1803 sayılı Kanunun 2. maddesinin (B) bendinin, Türk Ceza Kanununun 403. maddesinin üçüncü, dördüncü, beşinci ve altıncı fıkraları ile sınırlı olarak, Anayasa Mahkemesinin daha önce verdiği kararlarla iptal edildiği, işbu ilk inceleme evresinde, saptanmış ve bu nedenle de konu üzerinde esas yönünden başkaca inceleme yapılmasına gerek kalmamıştır.
SONUÇ :
15.5.1974 günlü, 1803 sayılı Kanunun 2. maddesinin (B) bendinin, Türk Ceza Kanununun 403. maddesinin üçüncü, dördüncü ve altıncı fıkraları ile sınırlı olarak iptaline 7.1.1975 gününde, Esas: 1974/51, Karar: 1975/3 ve aynı maddenin yine (B) bendinin Türk Ceza Kanununun 403. maddesinin beşinci fıkrası açısından iptaline 28.1.1975 gününde Esas: 1974/55, Karar: 1975/11 sayı ile karar verilmiş bulunduğundan aynı konularda yeniden karar verilmesine yer olmadığına;
Oybirliğiyle 17.2.1975 gününde
karar verildi.
Başkan
Muhittin TAYLAN
Başkanvekili
Kâni VRANA
Üye
Kemal BERKEM
Şahap ARIÇ
Karşıoy eklidir.
İhsan ECEMİŞ
Ahmet AKAR
Halit ZARBUN
Ziya ÖNEL
Abdullah ÜNER
Ahmet KOÇAK
Muhittin GÜRÜN
Lütfi ÖMERBAŞ
Adil ESMER
Nihat O.AKÇAKAYALIOĞLU
Ahmet H.BOYACIOĞLU
KARŞIOY YAZISI
Görev sorununa ilişkin karşıoy:
İlk inceleme evresinde 1803 sayılı Af Kanuna ait Anayasaya aykırılık itirazının incelenmesinin Anayasa Mahkemesinin görevi içinde olmadığı ileri sürülmüş ise de bu itiraz Anayasa Mahkemesince çoğunlukla reddedilmiştir.

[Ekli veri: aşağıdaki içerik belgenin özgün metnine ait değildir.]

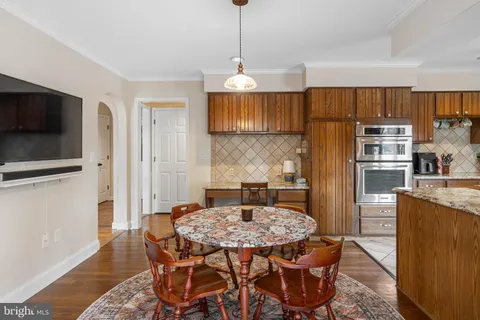 a kitchen with stainless steel appliances kitchen island granite countertop a refrigerator stove and sink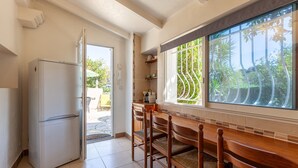 A kitchen with a refrigerator, wooden dining table, chairs, and a window with a view of greenery. - Apartment 'Le Repaire' with Mountain View, Shared Terrace and Garden (Cassis)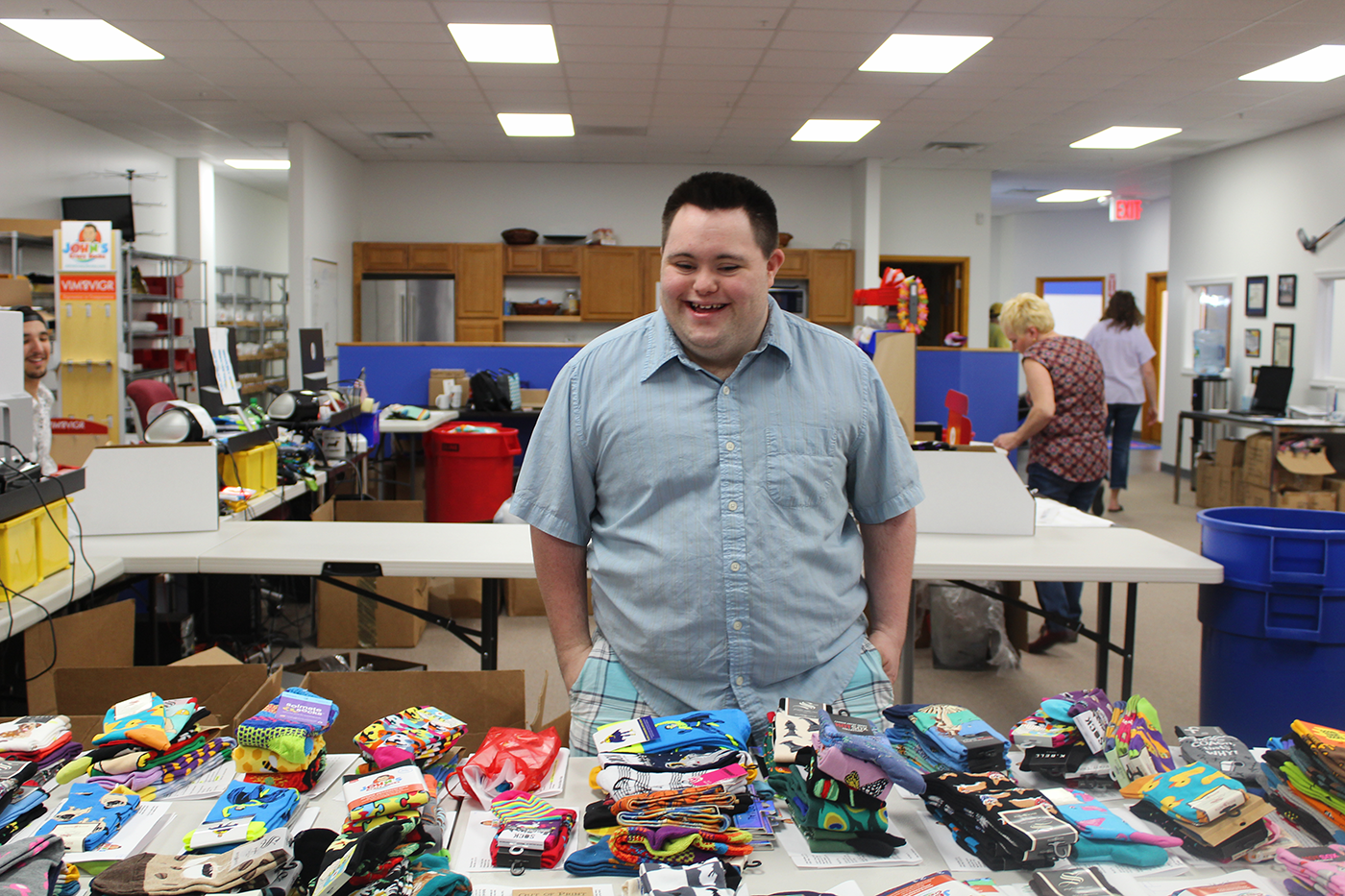 Image of a man perusing socks from John's Crazy Socks.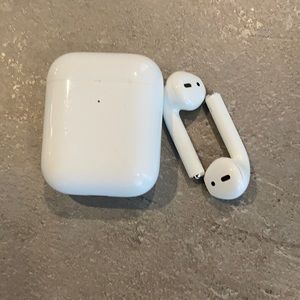Two left ear and charging station apple earbuds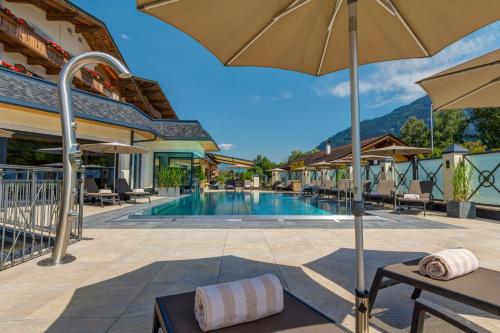 a pool at a resort with chairs and an umbrella at Hotel Post in Kaltenbach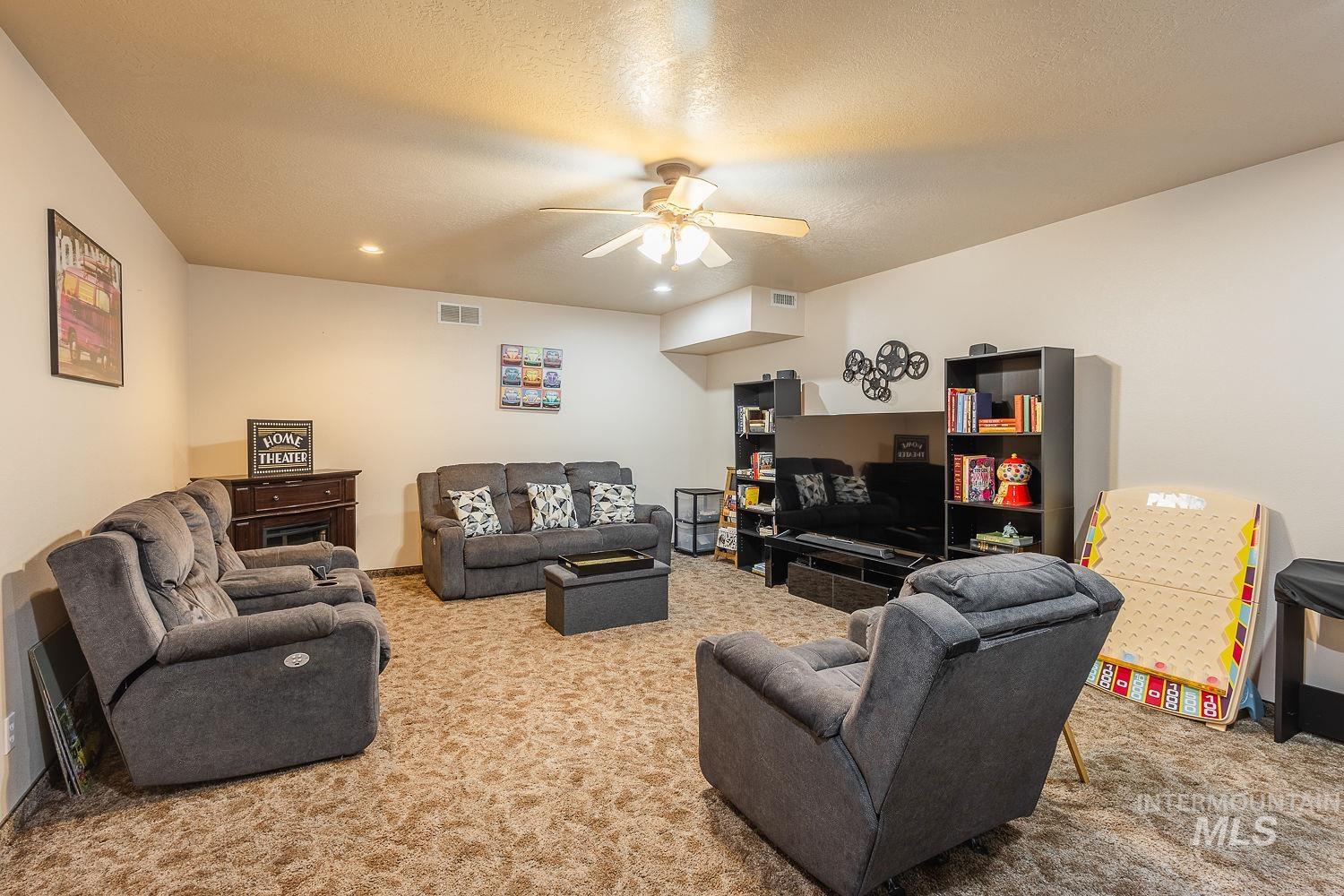 Living area featuring carpet floors, a ceiling fan, recessed lighting, and a textured ceiling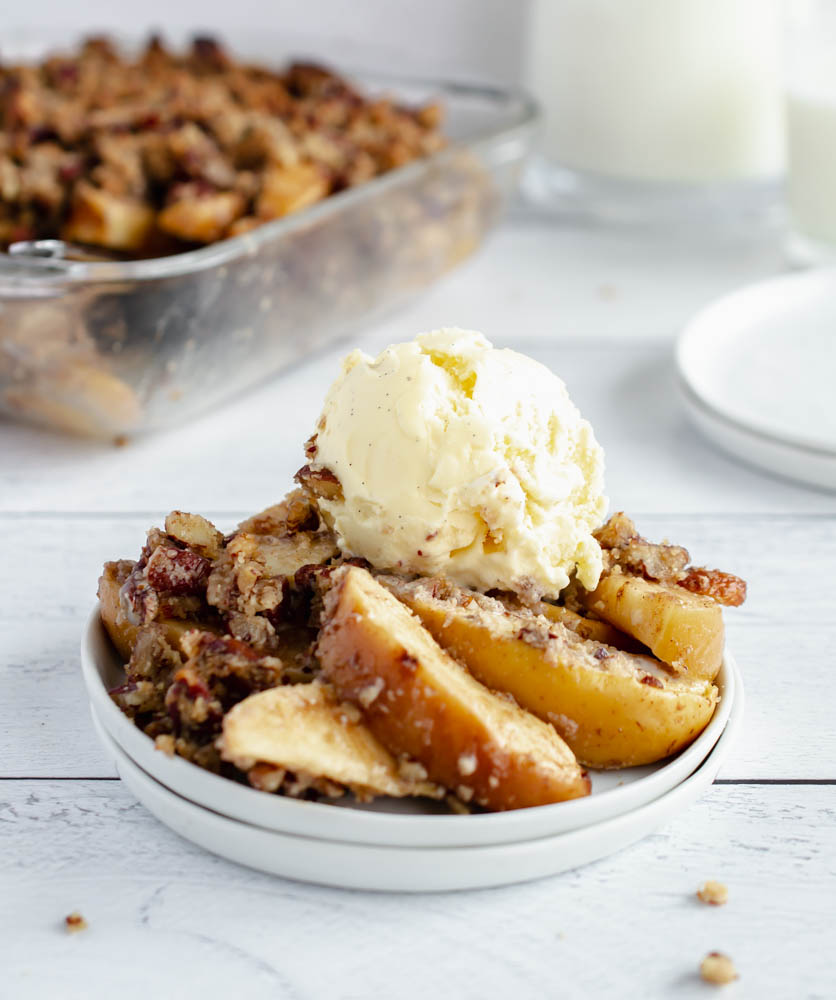 sugar free apple crisp on a white plate topped with vanilla ice cream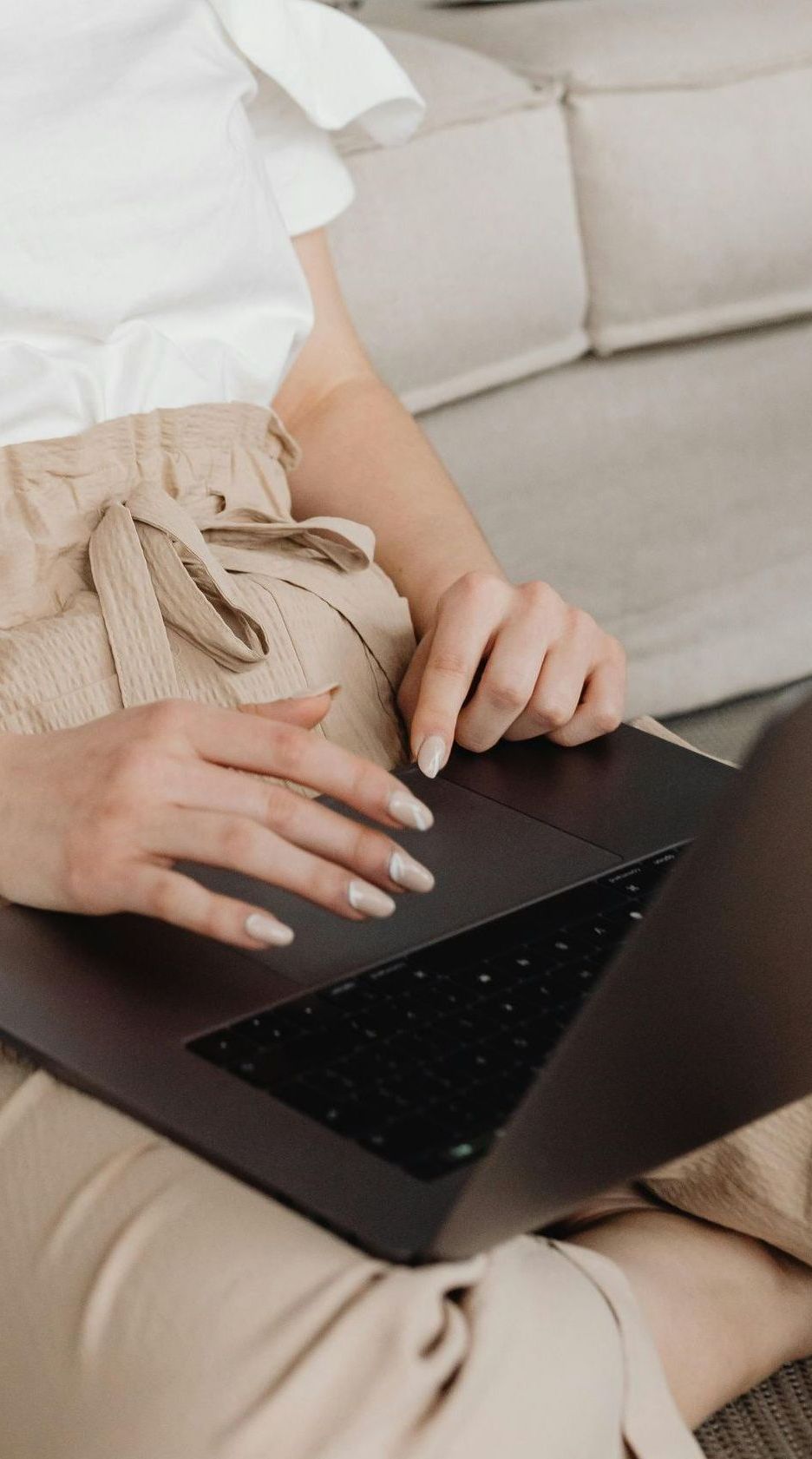 Een vrouw typt op een laptop.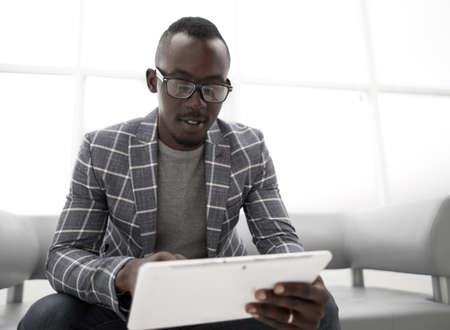 young businessman looking at digital tablet screen.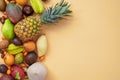 A set of mix tropical fruits on a beige background. With space for design. Exotic healthy eating. Seasonal organic raw Royalty Free Stock Photo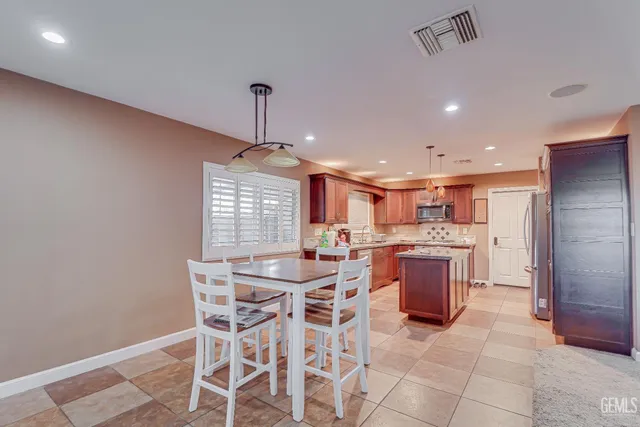 a large kitchen with a table and chairs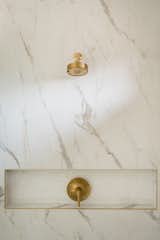 Primary bathroom shower with marble tile and gold hardware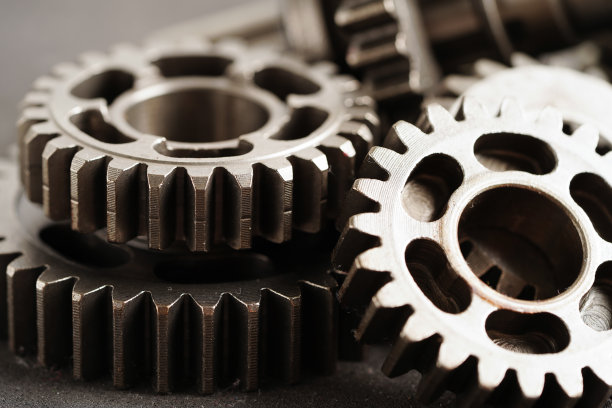 金属齿轮发动机汽车和自行车，机械工业概念。图片下载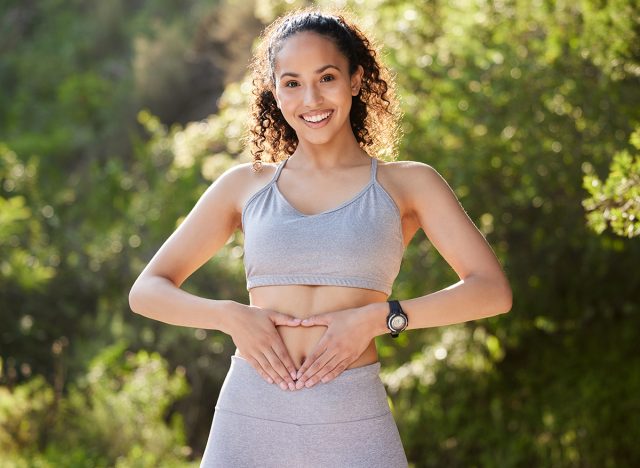 Fitness, heart hands and portrait of runner woman outdoor in park for summer training or workout. Gut health, improvement and wellness with happy sports athlete running in nature for cardio exercise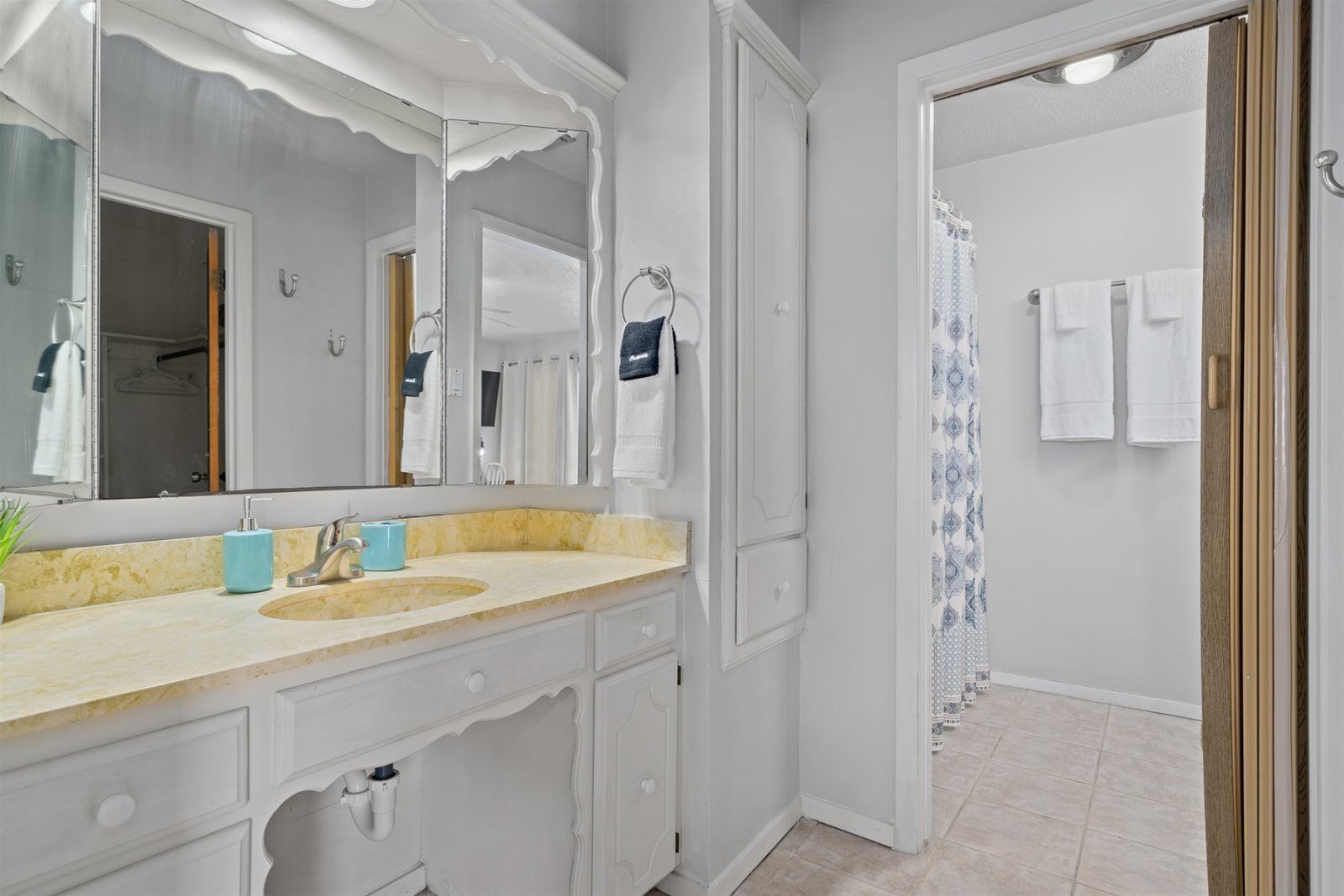 A bathroom with a large mirror, a sink with a faucet, a towel rack, and a shower curtain.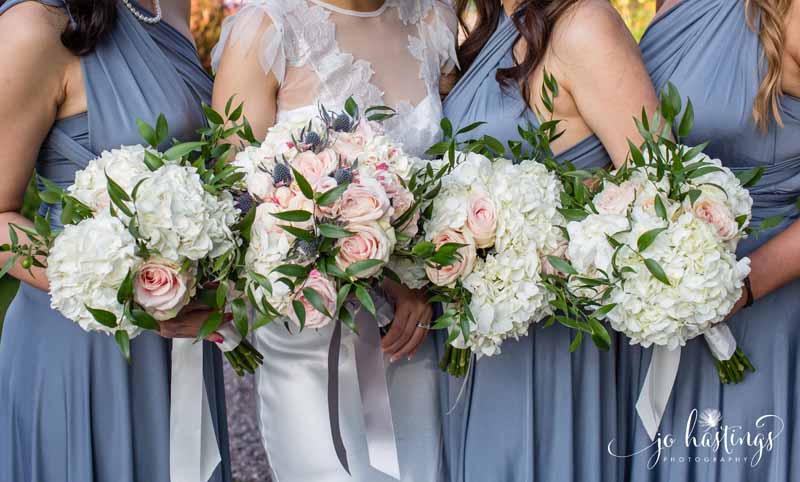 dusty blue bridesmaids dresses dusky pink roses, blue thistles and white hydrangea bouquets (2)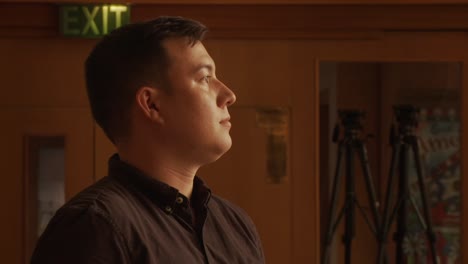 Close-up-on-ethnic-male-walking-and-coming-to-a-stop-inside-a-church-cathedral-sanctuary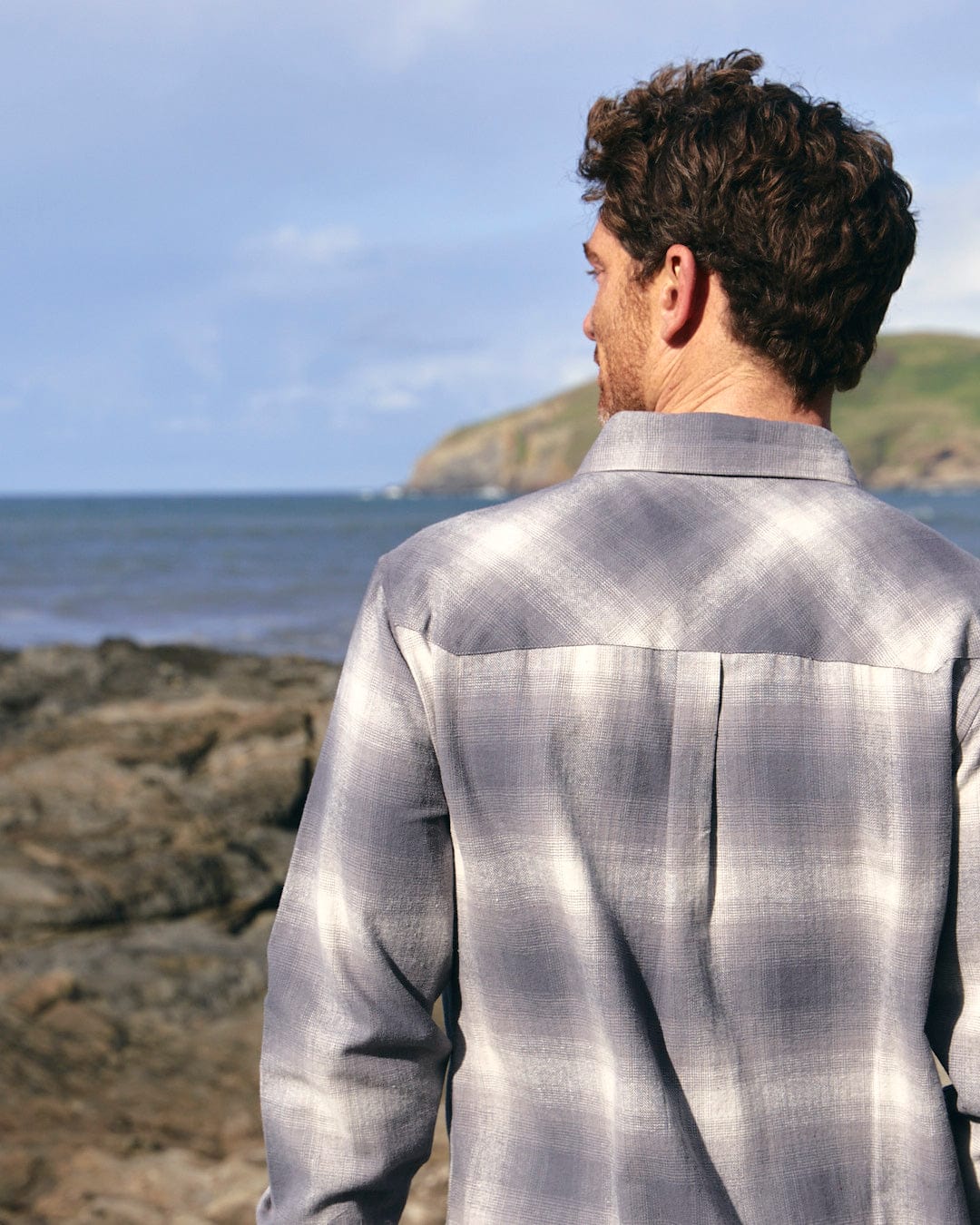 A man wearing a Saltrock Farris - Mens Long Sleeve Check Shirt - Grey with chest pockets.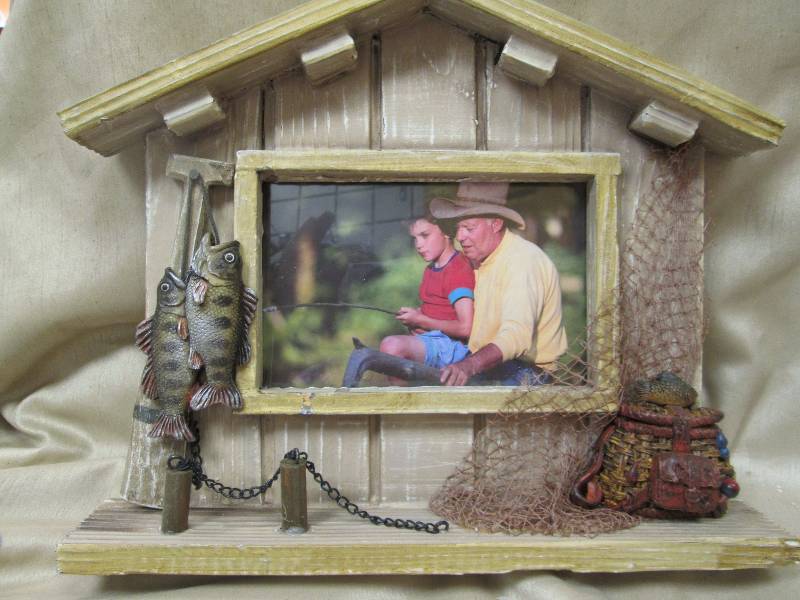 Frame with fish and tackle box...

İtirazın konusu 1803 sayılı Af Kanunun bir maddesine ilişkindir. Anayasamızda yasama meclislerinin af yetkisinin Kanun niteliğinde olmayıp karar niteliğinde olduğu açıklanmıştır. (Anayasa M.64). Bu iki mefhumun hukuki sonuçları çok farklıdır. Zira, Anayasa, kanunları Anayasaya uygunluk denetimine tabi tuttuğu halde kararları bu denetime tabi tutmamış; ancak bu denetime tabi tutmak istemediği kanun maddelerini ve bu denetime tabi tutmak istediği kararları Anayasa’nın çeşitli maddelerinde göstermiştir. (Anayasa m.65,81 de olduğu gibi). Bu nedenledir ki Anayasa’nın 64. maddesinde karar şeklinde kullanacağı açıklanan af yetkisi, Anayasada istisnai bir hüküm bulunmadığından Kanun şeklinde tasarruf edilemez. Aksi görüşün kabulü, yasama meclisinin takdirine bırakılmış olan af yetkisi Anayasa Mahkemesinin takdirine verilmiş olur. Kanun yapma prosedürüne uymak mecburiyeti varsa o prosedüre riayet edilir, fakat bu af tasarrufu, sırf bu sebeple kanun niteliği almaz. Zira, af yetkisinin karar niteliği bir anayasal niteliktir. Anayasada bu hususta istisnai bir hüküm olmadıkça bu nitelik değişmiş kabul edilemez. Anayasada karar şeklinde kullanılacağı gösterilen bir yetkinin evvelden beri kanun şeklinde kullanılmış olması da neticeyi değiştirmez.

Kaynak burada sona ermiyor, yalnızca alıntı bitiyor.